2. SPEAKING OF LOU, IS THIS THE YEAR THEY WIN ONE FOR THE QUIPPER?
Probably not. The best little 5-6 team in the country last season--the Irish lost five games by a total of 14 points--once again has a tough schedule, third-toughest as rated by the National Collegiate Athletic Assn. And although they have Tim Brown, there is some question as to whether there is anybody to give him the ball.
Quarterback Terry Andrysiak can run the option, but can he pass it? Terry Rice, a sophomore, may be the man to do it.
"They tell me he can throw the ball 80 yards," Holtz says. "I just don't know whether it's to our guys or not."
Lou, you kill us.
3. WHY IS PENNSYLVANIA FOOTBALL THE WAY TO BET?

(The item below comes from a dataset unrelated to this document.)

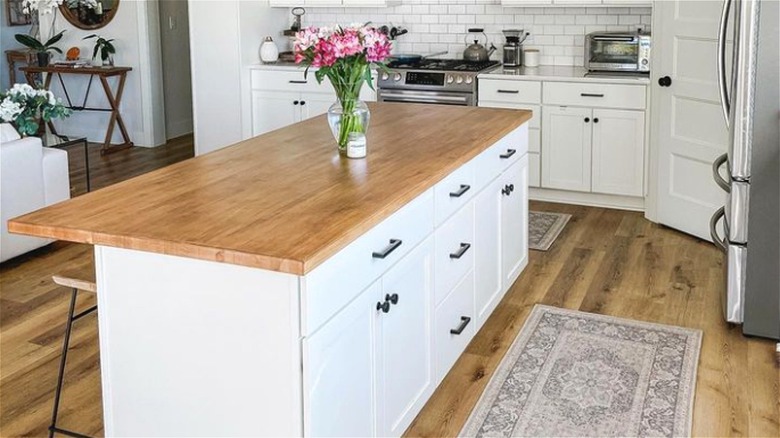 White kitchen with wood countertop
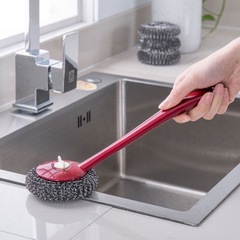 Household long-handled pot brush does not damage the pot, kitchen cleaning and pot washing with a brush to decontaminate dishes, steel wire ball brush pot artifact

Because Penn State, the defending champion, has the longest winning streak in big-top football at 12 games, and Pennsylvania has the longest in Division I-AA at 11. However, the longest unbeaten streak is 50 games and that belongs to Augustana of Rock Island, Ill. It's been four years since Augustana lost a game or didn't win the Division III football championship.
Poor Columbia is the flip side. The Ivy League team hasn't won in three years, during a 31-game losing streak. Coach Larry McElreavy said he "did not find the season at all fulfilling." If this season is any less fulfilling, Columbia will break the all-time losing streak of of 34--set by Northwestern--Oct. 11 when it plays Princeton.
4. HOW COMICAL WILL THIS YEAR'S PUSH FOR THE HEISMAN TROPHY GET?
Not as comical as last year's when Temple put out a comic book for Paul (Boo Boo) Palmer, but there are possibilities. At Florida, they have invested $5,000 in a campaign for Kerwin Bell, most of the money going into a color poster titled "For Whom the Bell Tolls." Well, we know where he toils, anyway.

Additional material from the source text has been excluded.